Powell was arrested and charged with second-degree murder in January 2012 – a year after the toddler’s death.     



An Associated Press investigation found that police and social workers had been aware of reports Aubrey was being mistreated while she was staying with Powell. Two months before Aubrey died, authorities removed a different child from Powell’s home because of unsafe conditions, but left Aubrey behind.

Two Swain County social service workers have been charged with falsifying records and indicted on obstruction of justice charges in Aubrey’s death. They are accused of falsifying records to make it appear as though the department had done a thorough investigation into allegations that Aubrey was being abused.

Wijewickrama said he doesn’t want to do anything to obstruct the criminal cases pending Powell or the social workers.

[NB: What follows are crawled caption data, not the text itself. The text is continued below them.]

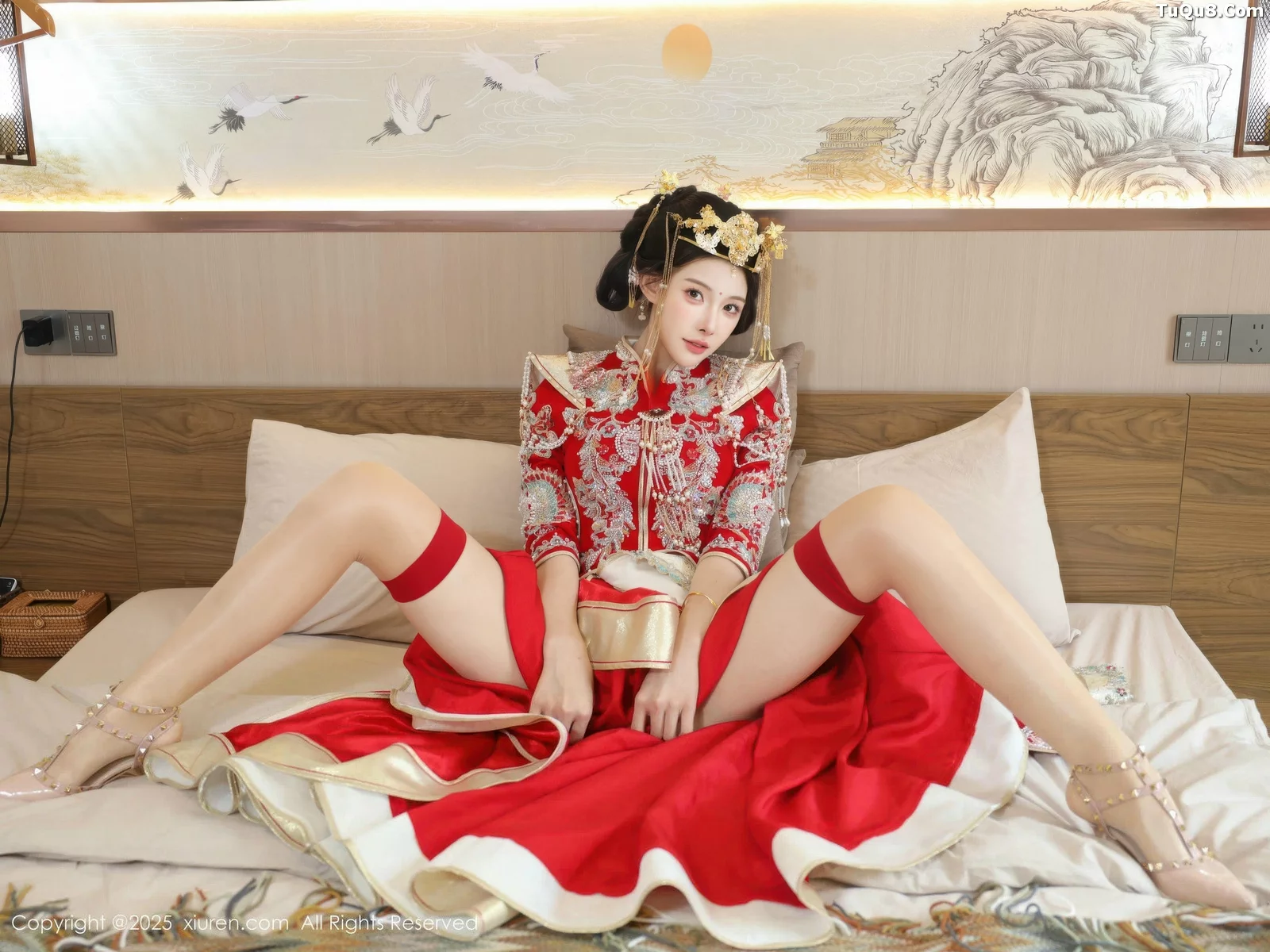 [[XiuRen秀人网]秀人网]No.10742_模特梨霜儿性感红色新娘服饰配肉色丝袜秀丰腴身材迷人诱惑写真84P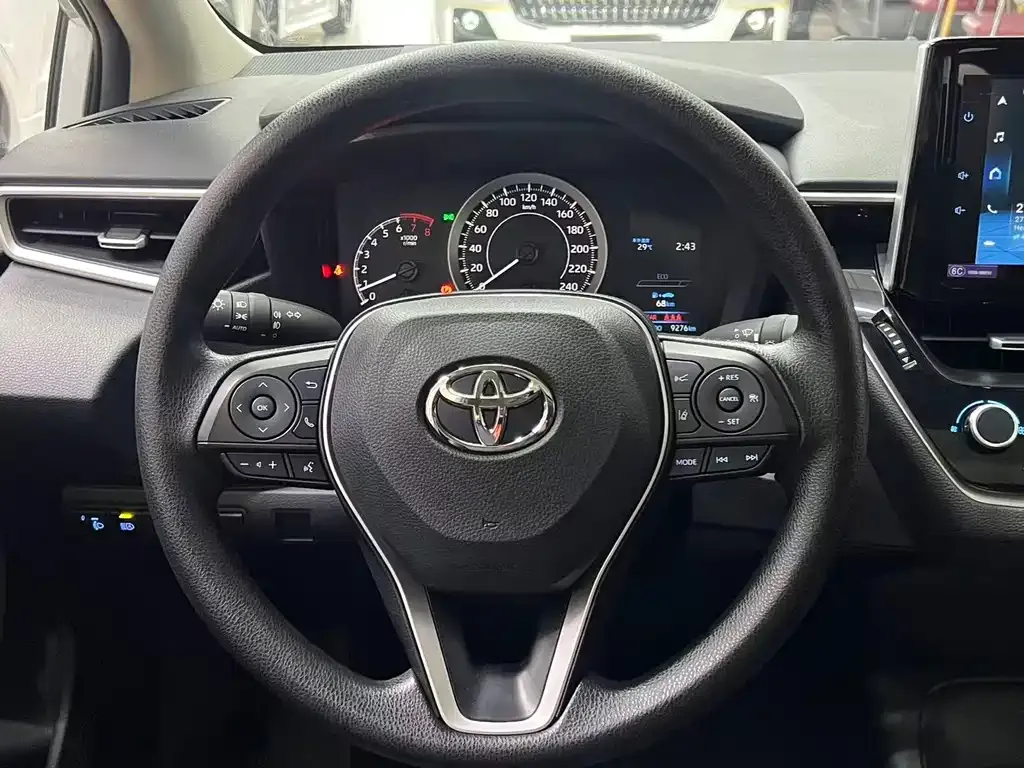 Toyota Corolla — фото 8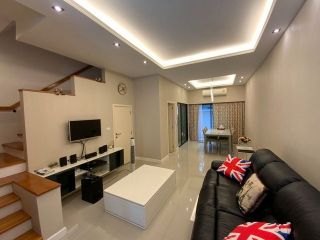 <a href='product.php?qid=174182' style='color:white;text-decoration: none;'>[0167]ให้เช่าทาวน์โฮม ฟลอร่า วงศ์สว่าง สภาพใหม่ ติดรถไฟฟ้าสายสีม่วง กรุงเทพ-นนท์ : <span class='text-info'><strong>Read More</strong><span></a>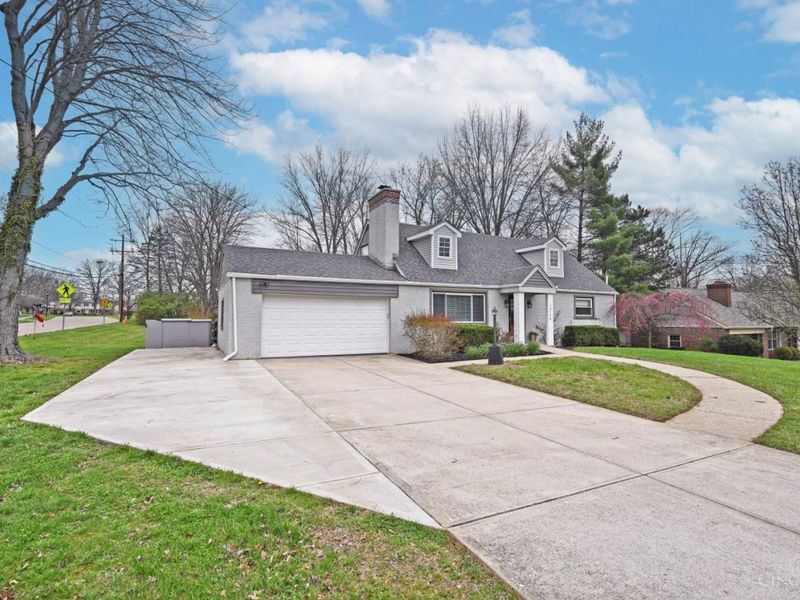 10178 Zig Zag Road, Blue Ash, OH 45242 Photo 2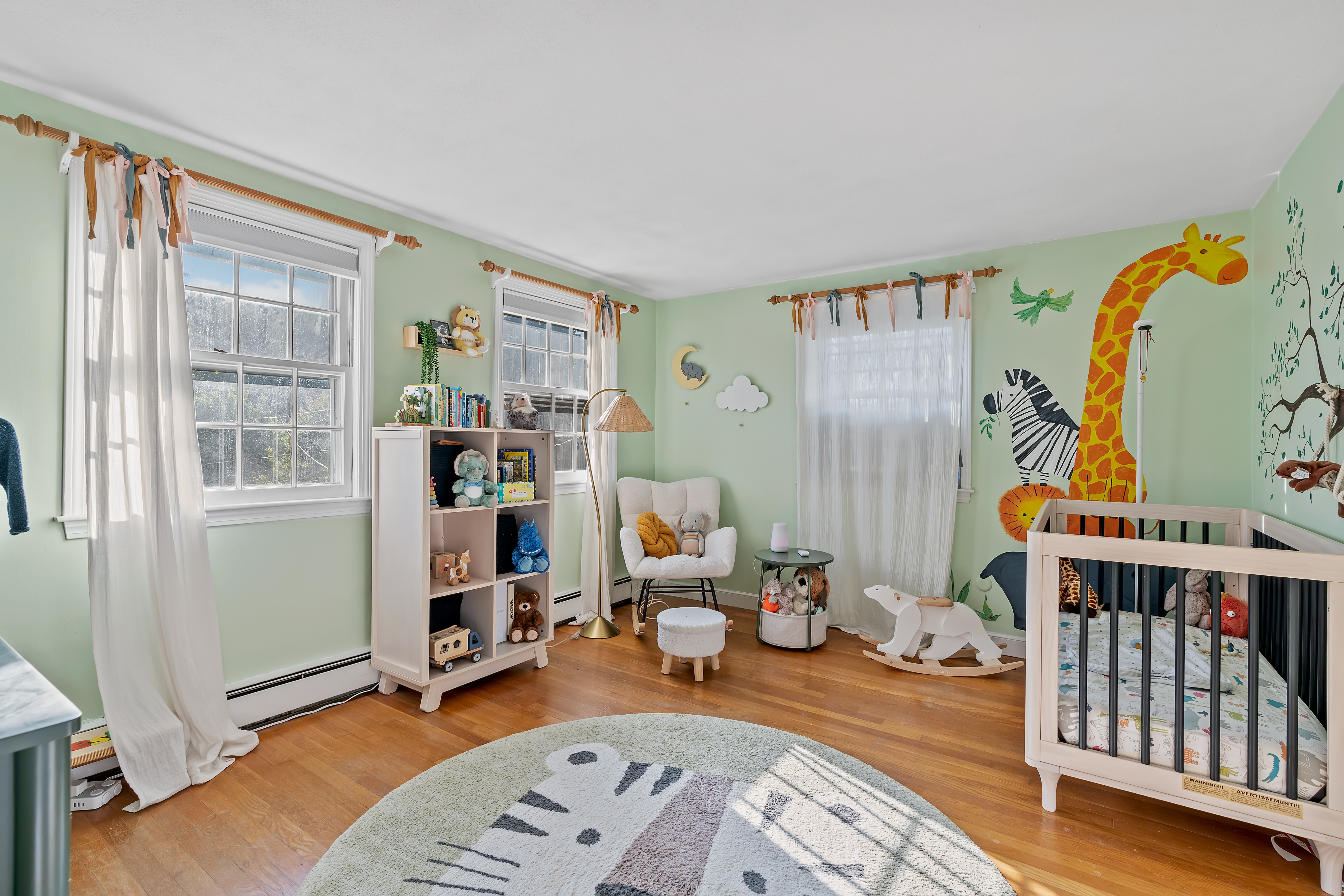  17 Old Wood Road, Framingham, MA, 01701 - 物件實景
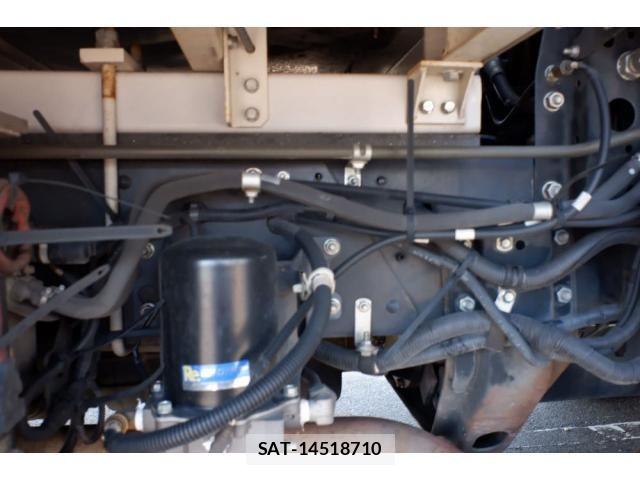 Nissan CONDOR 2015-04 6790792-17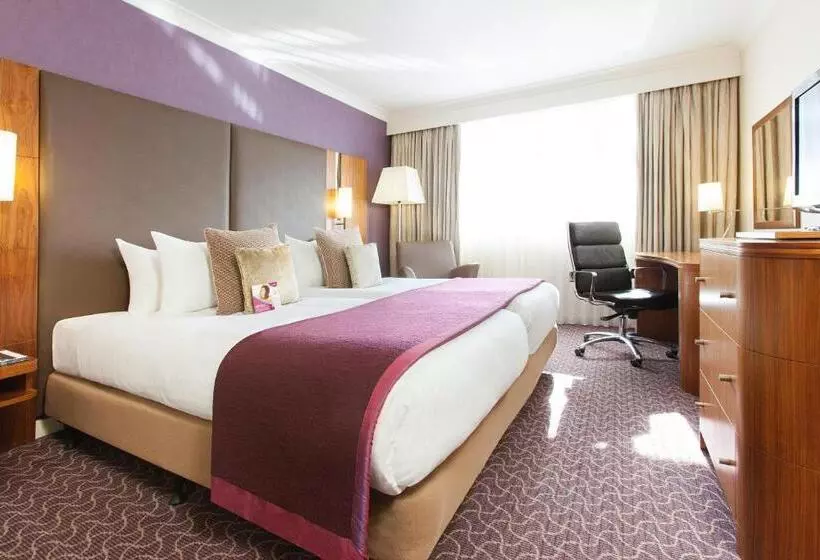 Habitació Executiva, Crowne Plaza Reading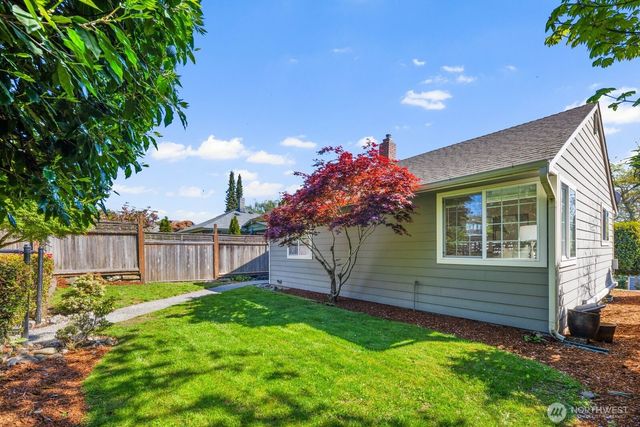 7508 30th Avenue SW, Seattle, WA 98126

“But evidence based on the warrants show that some employees have engaged in bad behavior,” he said. “And we want to find out how high up the food chain that goes.”

The case stunned the community. Aubrey’s family, including the girl’s mother, Jasmine Littlejohn, pushed for justice. They wondered why it took so long for someone to be charged.

Littlejohn had asked Powell to take care of Aubrey before she reported to jail in April 2010 to await trial in a marijuana trafficking case. She was in jail when her daughter died.

According to the lawsuit, Powell “willfully neglected and abused” Aubrey. On the day she died. Powell left the toddler in a car seat for 12 hours “during which time she was not cared for or monitored, was not fed, was not given proper hydration.”